[YOUR OBJECTIVE] Go through the lines below and copy any that hold the string "this".

[INPUT DATA]

________________

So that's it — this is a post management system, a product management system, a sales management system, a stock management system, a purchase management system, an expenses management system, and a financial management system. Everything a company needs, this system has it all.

________________

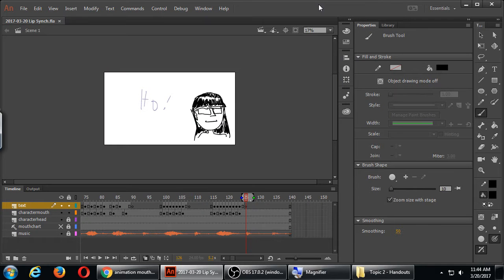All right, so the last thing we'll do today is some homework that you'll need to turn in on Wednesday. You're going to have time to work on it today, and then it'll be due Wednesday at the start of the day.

________________

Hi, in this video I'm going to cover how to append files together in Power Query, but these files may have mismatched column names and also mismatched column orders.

________________

[EXPECTED OUTPUT]
So that's it — this is a post management system, a product management system, a sales management system, a stock management system, a purchase management system, an expenses management system, and a financial management system. Everything a company needs, this system has it all.
Hi, in this video I'm going to cover how to append files together in Power Query, but these files may have mismatched column names and also mismatched column orders.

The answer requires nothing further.